I'd rather see:
my ($data, $len) = foo(...);
so much more perlish. but I guess it's too late in the game.
The only inconvenience is that you can't use that in the while loop:
while (defined my $len = foo($data, ...) {}
there is no problem here. flatten should accept how much data to read as an argument and return how much it actually read as a return value. That's exactly how perl's read() works. and that value is optional.
the problem with all of these is that it's breaking away from the 1:1 mapping of the original apr_brigade_(p)flatten APIs. if we're going to do that to make them more perlish, I'd much rather see
my $data = $bb->flatten(30); # calls apr_brigade_flatten my $data = $bb->flatten($p); # calls apr_brigade_pflatten
and throw away the length component, since it's very rarely important anyway, has the possibility of being wrong (at least that's my reading of the API), and can be computed (more accurately) if required.

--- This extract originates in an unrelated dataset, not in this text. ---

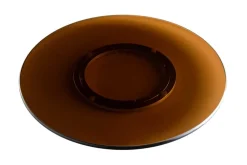 Riess-Ambiente Dekoration > Moderner Drehteller 60cm bernstein Glas 360° drehbare Servierplatte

Sounds good to me. It makes the API so much simpler to use.
I just thought that since it's similar to read() it could behave like one.

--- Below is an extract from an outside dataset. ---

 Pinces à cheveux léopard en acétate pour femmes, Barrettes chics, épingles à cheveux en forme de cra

I find it strange that you need the pool to allocate the unknown len, but you don't need one to allocate a certain amount of bytes. To make the API consistent I'd suggest it to be:
my $data = $bb->flatten($p, [$len]);
i.e. always pass $p, and use apr_pcalloc to allocate $len bytes if that optional argument is passed.
Now that you mention that, we could really have one interface instead of 2. If you pass the optional read length value it'll use flatten if you don't it'll use pflatten. make it use the pool object in both but ignore in flatten. So you get a 1:1 mapping to perl's read (we may even support the offset argument later on) ;)
Hell, why not write PerlIO::BB ;)
I'm already working on APR::TieBrigade, which lets you manipulate a brigade like a perl $fh :)
Cool. Though this is probably something that is not quite needed at the moment.